Dalle ricerche sul campo si evidenzia come gli italiani identifichino l’Altro come colui che migra per ragioni lavorative e che pian piano si naturalizza. Distintamente, oggi più di ieri si relega allo stato di estraneo, quindi fuori dalla società, il migrante che attraversa il mare con il barcone il quale a causa della errata visione italiana sarà necessariamente islamico e predicatore. Il suo scopo sarà quello di convertire la società occidentale all’Islam e perciò dovrà essere tenuto al di la della stessa diventando così l’estraneo.

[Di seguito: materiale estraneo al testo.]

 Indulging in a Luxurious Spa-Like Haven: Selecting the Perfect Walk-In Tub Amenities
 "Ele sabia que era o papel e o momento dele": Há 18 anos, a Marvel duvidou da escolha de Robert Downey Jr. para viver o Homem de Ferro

Come evidenziato nell’ipotesi di tesi qui esposta, la costruzione dell’Altro e dell’estraneo è filtrata oggi in alcuni Stati europei da una griglia valutativa che si basa su elementi strutturali e infrastrutturali. È bene osservare come in Europa sia eterogenea la percezione dell’Altro islamico; infatti in Paesi come Ungheria, Italia e Polonia, l’Altro islamico viene percepito in maniera negativa dalla popolazione. Non è un caso che questi Stati siano governati da partiti di stampo sovranista.
Conclusioni
È errato pensare che il sovranismo oggi sia una continuazione del nazionalismo del ‘900. Ma è pur vero che molti elementi possono essere collegati tra loro. Una delle questioni che sicuramente è centrale sono i confini fisici, o le nazionalizzazioni delle aziende; si pensi al caso di Autostrade per l’Italia, o agli interventi economici che vengono avanzati alle varie banche italiane.

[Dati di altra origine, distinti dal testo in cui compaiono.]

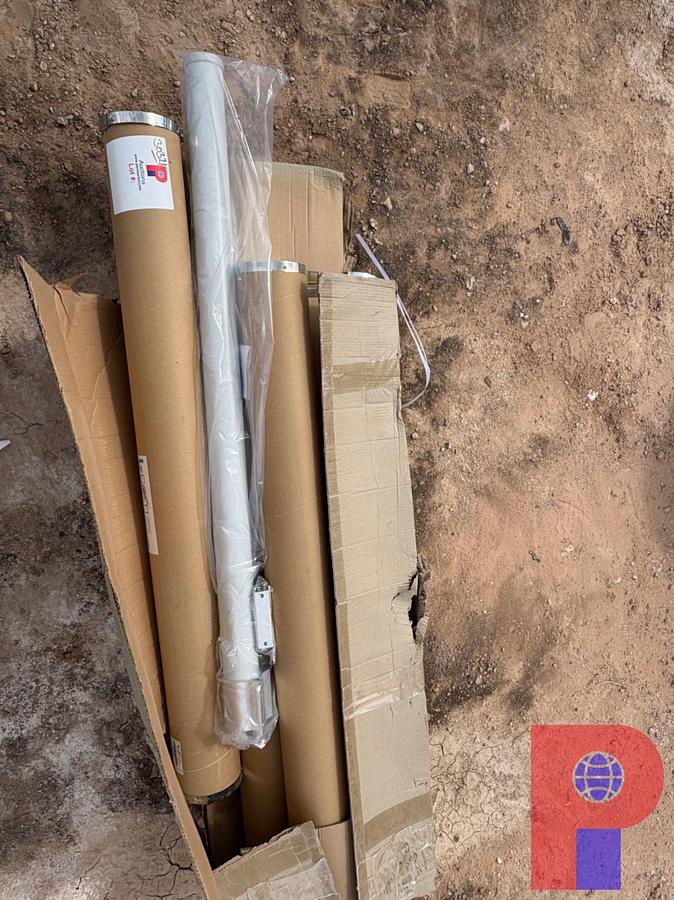 Used (5) NEW IN BOX L-COM ANTENNAS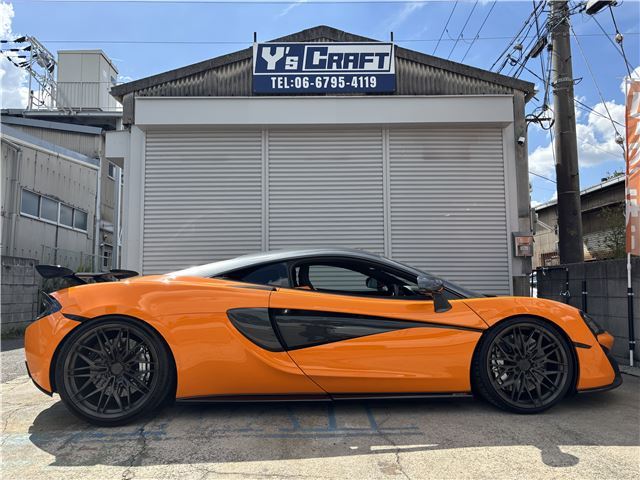 صورة مصغرة 7 لـ 2020 Mclaren 570S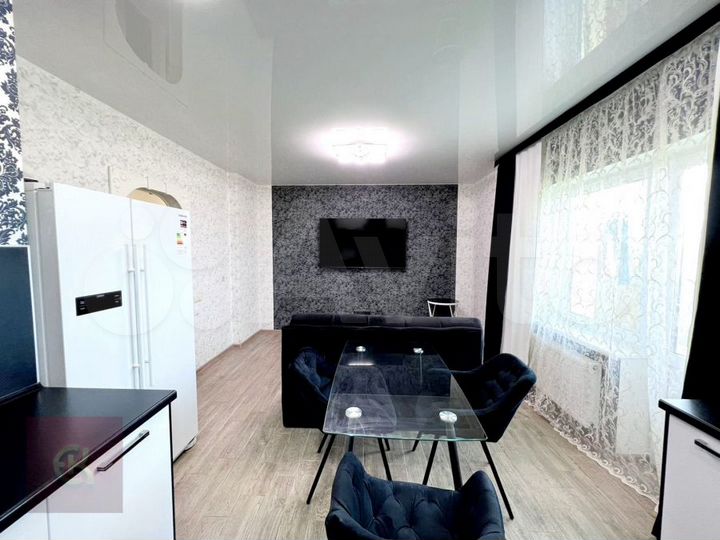 3-к. квартира, 68,2 м², 3/7 эт.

Le politiche di chiusura dei confini, di chiusura dei porti e di chiusura all’interno di un confine nazionale, generano inevitabilmente un dentro e un fuori, una dicotomia che può diventare pericolosa e, soprattutto isolazionista in quanto, uscendo dai giochi degli investimenti interazionali, si passa dallo stadio di potenza economica internazionale a quello di Paese avente un forte debito pubblico senza possibilità di risanamento. Anche se queste e altre analisi più approfondite non vengono condivise con la massa, siamo indotti a pensare che tutti possiamo comprendere i rischi che potrebbero svilupparsi e, senza un contesto europeo o comunque internazionale, crediamo sia difficile costruire una credibilità finanziaria che possa rimettere in gioco gli investimenti in Italia. In questo caos economico con pochi investimenti ma con molte incertezze si alimentano facilmente le ostilità verso l’Altro, considerandolo sempre più come estraneo. Tuttavia, va precisato che persino negli Stati colpiti da attacchi terroristici, la presenza di un governo non di destra ha fatto sì che la percezione dell’Altro sia completamente diversa da quella presente negli Stati sovranisti.
Da questi studi si evince che non è l’odio a generare economia, ma il valore aggiunto del nuovo, dell’altro, che può contribuire anche alla ripresa di uno Stato. Questo pensiero è stato appoggiato, ad esempio, dal governo del Giappone, il quale ha compreso che per poter combattere la crisi demografica (infrastruttura) e la crisi economica (struttura) doveva farsi aiutare dall’Altro. Infatti è stata approvata una legge che facilita l’ingresso per lavoro in Giappone. L’emigrante che si trasferirà nel Paese del Sol Levante, aiuterà l’economia statale e con la costruzione di legami sociali incrementerà la demografia della Nazione.